Start of INFORMATION SHOWN

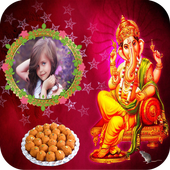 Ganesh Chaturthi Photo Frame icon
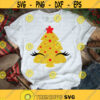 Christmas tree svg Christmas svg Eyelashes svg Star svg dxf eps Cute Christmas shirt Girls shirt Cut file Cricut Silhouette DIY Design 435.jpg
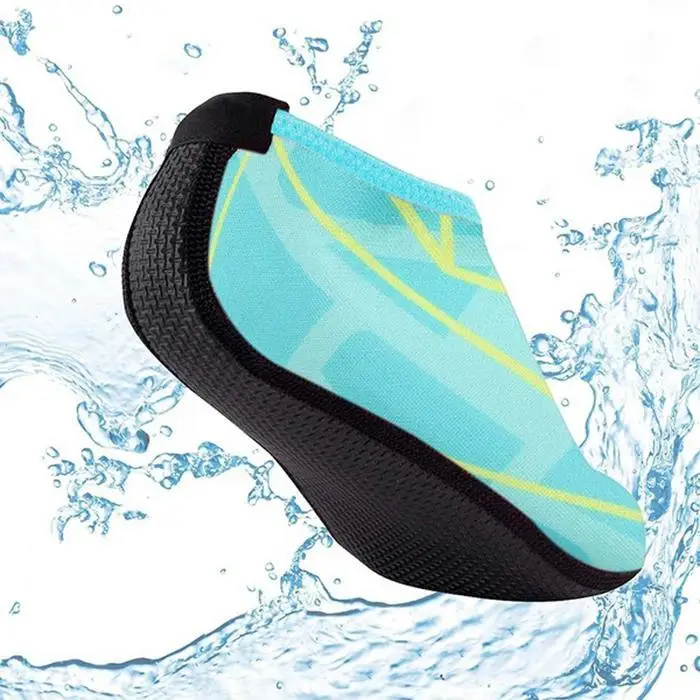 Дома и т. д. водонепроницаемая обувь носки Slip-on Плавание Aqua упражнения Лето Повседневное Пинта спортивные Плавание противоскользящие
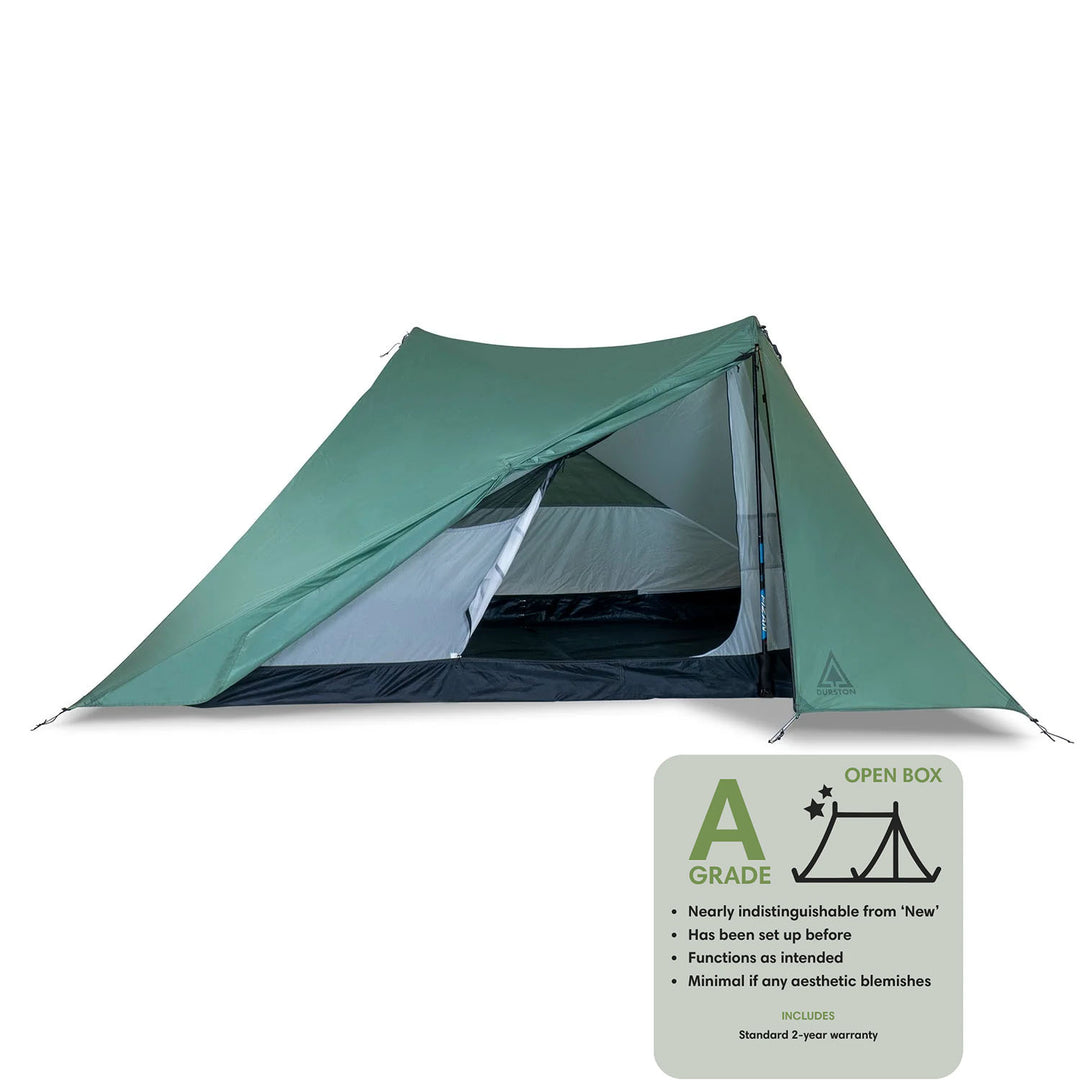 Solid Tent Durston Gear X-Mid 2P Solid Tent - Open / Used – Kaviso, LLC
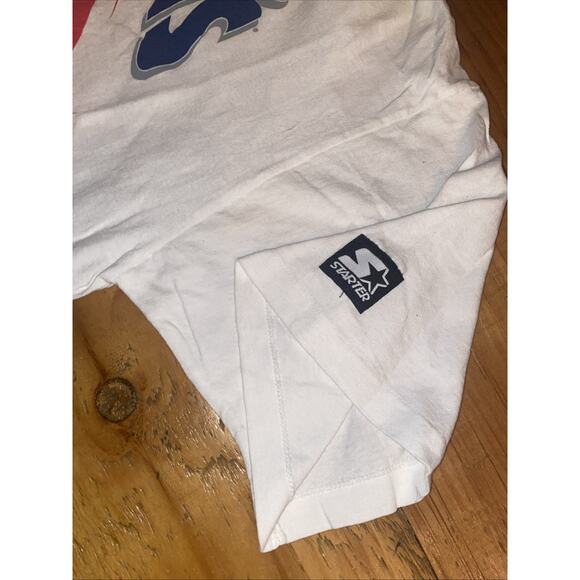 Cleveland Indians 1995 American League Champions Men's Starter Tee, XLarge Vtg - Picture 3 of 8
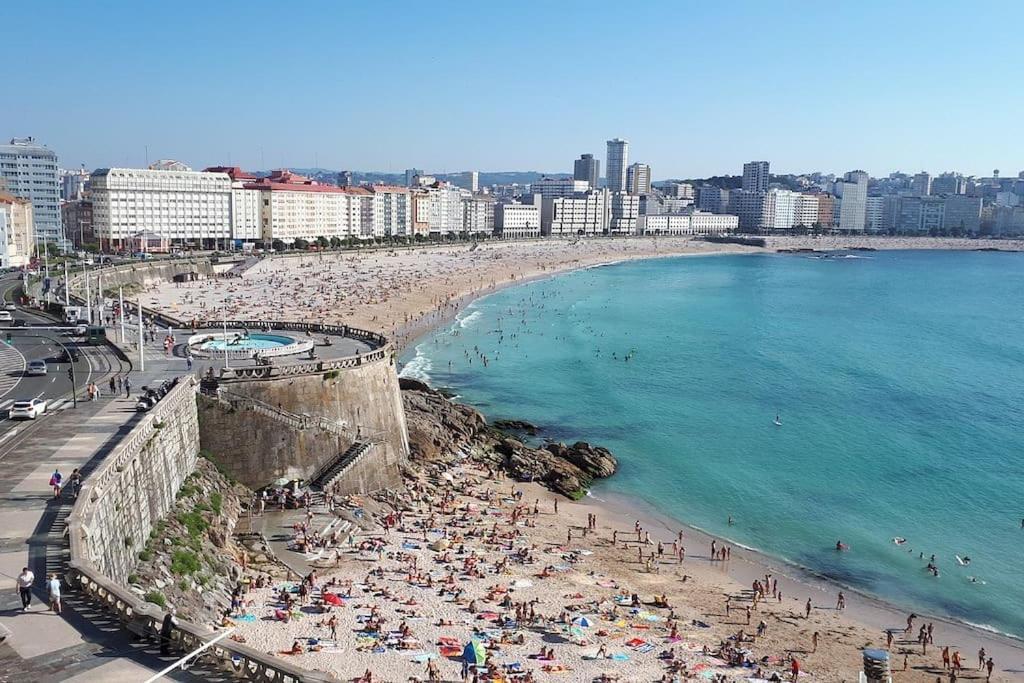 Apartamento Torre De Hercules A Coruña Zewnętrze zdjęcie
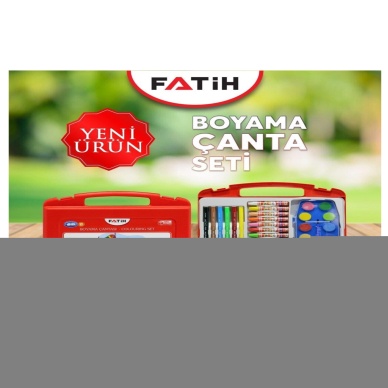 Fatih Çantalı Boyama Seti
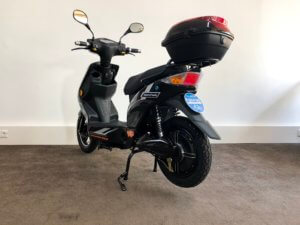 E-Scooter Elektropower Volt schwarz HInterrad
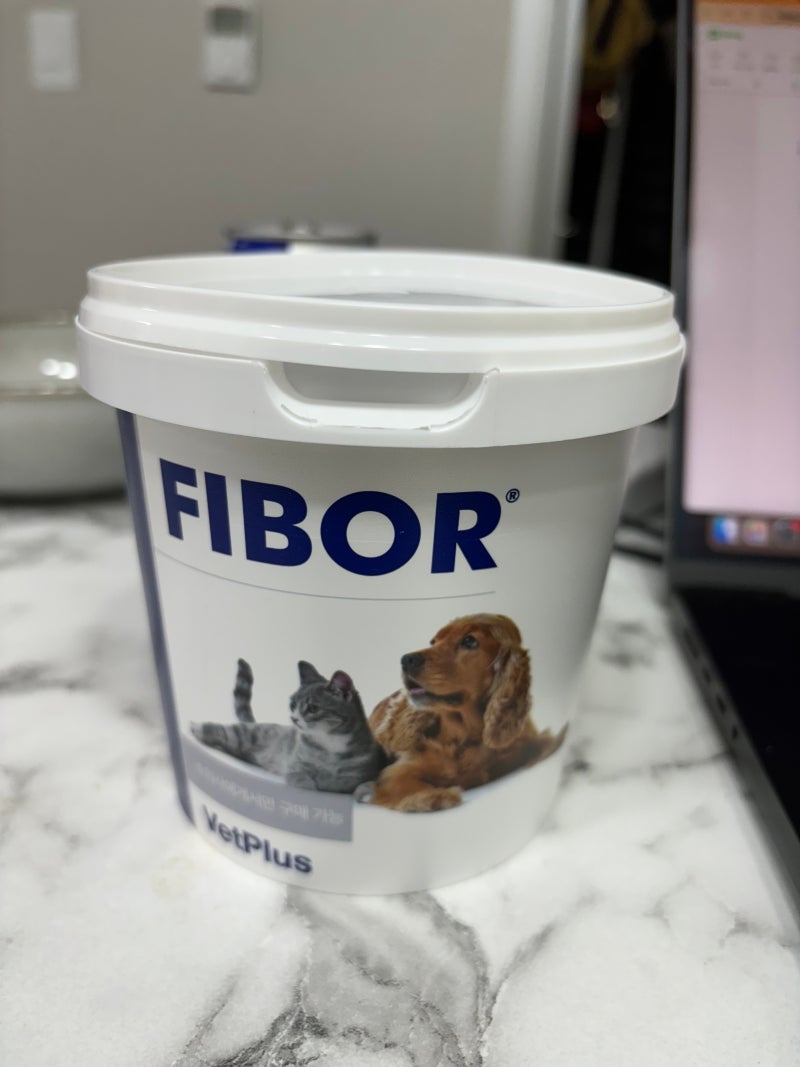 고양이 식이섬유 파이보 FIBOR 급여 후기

End of INFORMATION SHOWN
Start of INFORMATION SHOWN

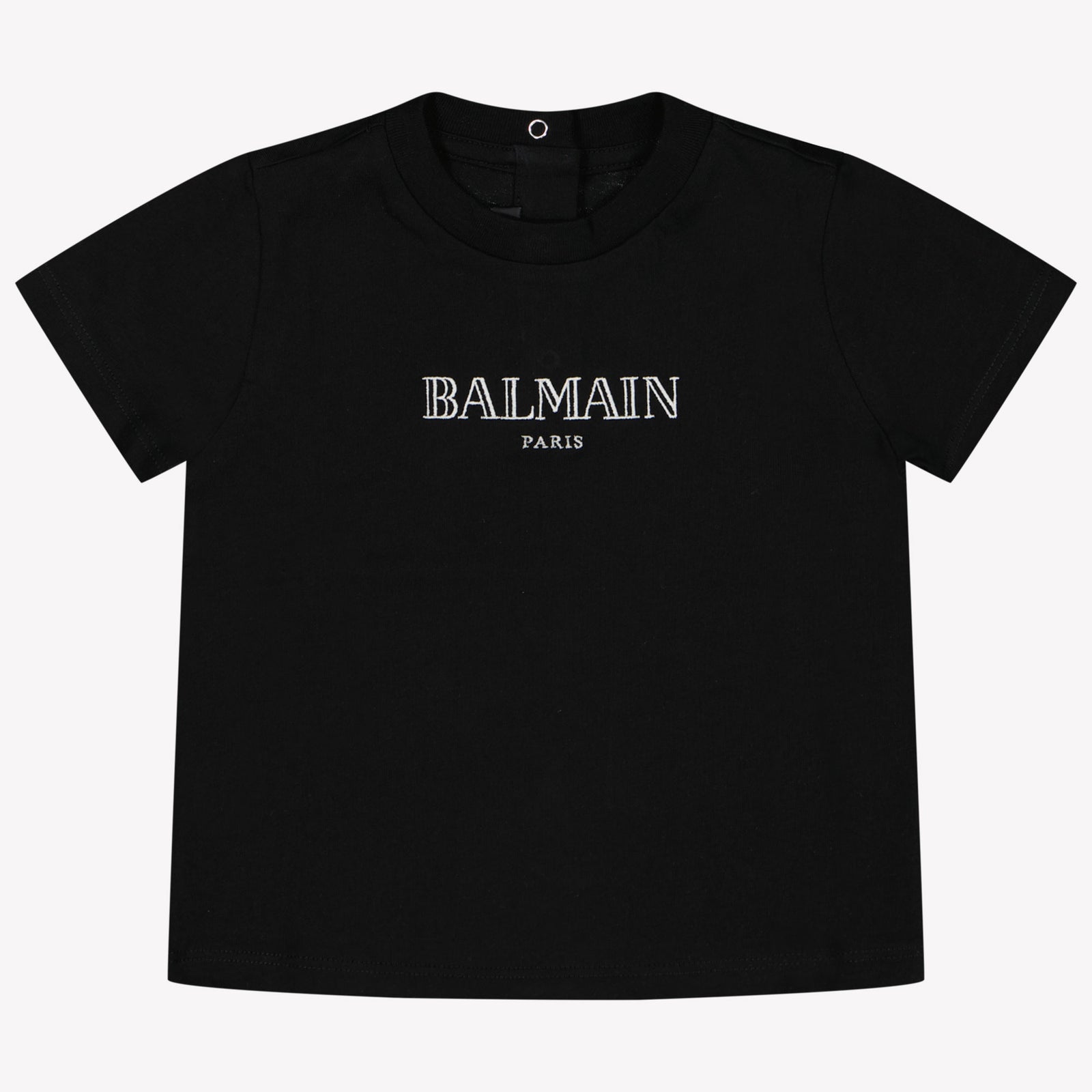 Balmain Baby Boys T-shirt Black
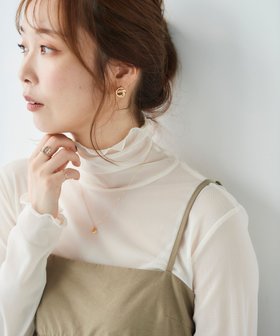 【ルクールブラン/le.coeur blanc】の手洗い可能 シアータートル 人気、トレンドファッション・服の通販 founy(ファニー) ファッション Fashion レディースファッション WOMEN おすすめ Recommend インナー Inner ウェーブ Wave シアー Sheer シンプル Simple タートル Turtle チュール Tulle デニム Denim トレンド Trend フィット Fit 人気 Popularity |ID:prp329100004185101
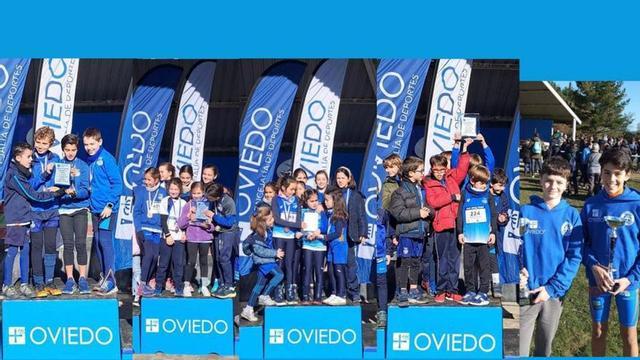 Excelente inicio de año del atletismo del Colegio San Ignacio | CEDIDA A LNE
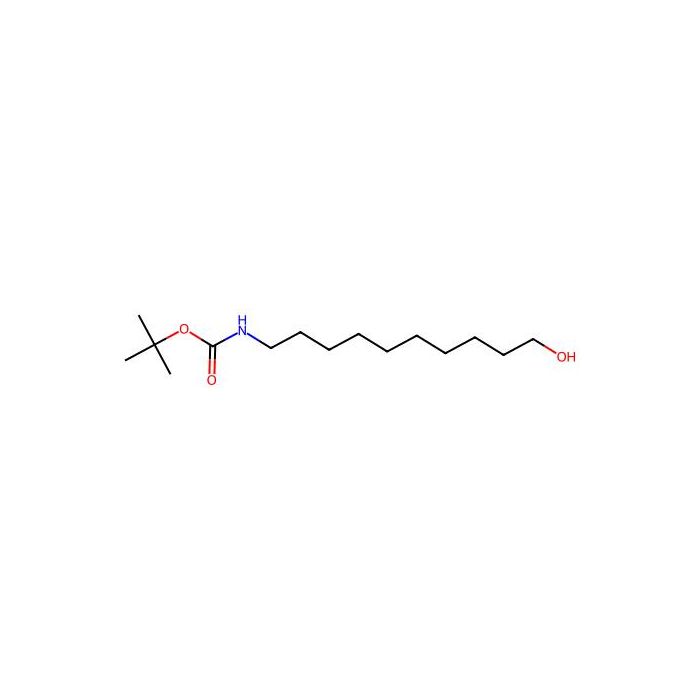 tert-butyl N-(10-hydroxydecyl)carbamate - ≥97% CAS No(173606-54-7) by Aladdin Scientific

End of INFORMATION SHOWN

WHAT IS NEEDED:
Repeat, word for word, the lines of the material above from the one holding "Fatih Çantalı Boyama Seti" through the one holding "고양이 식이섬유 파이보 FIBOR 급여 후기". Leave out pictures.

RESULT:
 Fatih Çantalı Boyama Seti
 E-Scooter Elektropower Volt schwarz HInterrad
 고양이 식이섬유 파이보 FIBOR 급여 후기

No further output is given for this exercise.